Todavia, o foco principal do trabalho de Aline Romano
é entender porque após uma fase de popularização, durante o período que ficou
conhecido como o surgimento do tropicalismo, a música de Tom Zé foi esquecida
pela grande mídia, enquanto outros artistas, especialmente Gil e Caetano
continuaram fazendo sucesso. Durante a década de 70 e 80, Tom Zé viveu um
período de ostracismo e só foi “redescoberto” nos finais de 80 por David Byrne,
um músico inglês (ex-membro da banda Talking Heads) que lançou sua obra nos
EUA, colocando o brasileiro novamente no cenário mainstream. Quais fatores
preponderaram para que a música de Tom Zé tenha sido esquecida durante um
período? Por que, ainda hoje, ele é enxergado como um artista marginal dentro
do movimento tropicalista? Mais adiante, por que os nomes de Caetano e Gil são
lembrados quando se fala em tropicalismo e raramente aparece o de Tom Zé? Seu
processo de esquecimento está ligado às preferências e aos interesses da
chamada Indústria Cultural, que
envolve não só grandes gravadores, mas também as emissoras de rádio e tevê
brasileiras? Se sim, por quê? Sua música é politicamente mais crítica que as dos
demais ou tem baixa comercialização? Essas são algumas das problematizações que
podem ser levantas na pesquisa historiográfica.
Ricoeur (1913-2005) |
O conceito de esquecimento ligado ao apagamento de rastros em Paul Ricoeur (2008)
permite ao historiador um instrumento teórico para analisar o abuso do
esquecimento diretamente ligado ao campo das relações de poder, de interesse na
lembrança, de rememoração e da imposição de uma memória sobre as demais. Pois, “o
que lembramos com o nome de acontecimentos fundadores são essencialmente atos
violentos legitimados posteriormente por um Estado de direito precário,
legitimados, no limite, por sua própria antiguidade, por sua vetustez. Assim,
os mesmos acontecimentos podem significar glória para uns e humilhação para
outros” (p. 95). Sob esta perspectiva, é possível que os enunciados de Ricoeur
sejam estendidos para o estudo das narrativas que marcam o tropicalismo e seus
principais expoentes, haja vista que na narrativa existe a impossibilidade de
recuperação total da memória e, portanto, ali nela constarão os filtros de seleção
de acontecimentos e de explicações que favorecem
mais uns que outros.
Referências:
DURKHEIM, Émile. Sociologia. Org. da coletânea
José A. Rodrigues. São Paulo: Ática, 1981.
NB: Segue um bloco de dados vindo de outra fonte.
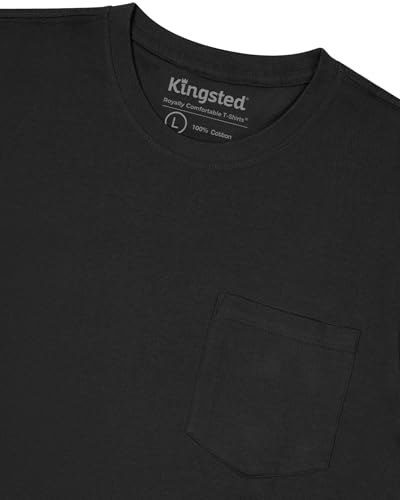Image of Kingsted Pocket T-Shirts for Men - Super Soft & Comfy 100% Cotton Shirts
HALBWACHS, Maurice. A memória coletiva. São Paulo: Centauro, 2006.
LE GOFF, Jacques. História e memória. Campinas: Ed. Unicamp, 2003.
NAPOLITANO, Marcos. Tropicalismo: as relíquias do
Brasil em debate. Revista Brasileira de
História. São Paulo, vol. 18, nº 35, online, 1998.
POLLAK, Michel. Memória, esquecimento, silêncio. Revista Estudos Históricos. Rio de
Janeiro, vol. 02, nº 03, p. 03-15, 1989.
RICOEUR, Paul.
A memória, a história, o esquecimento. Campinas: Ed. Unicamp, 2007.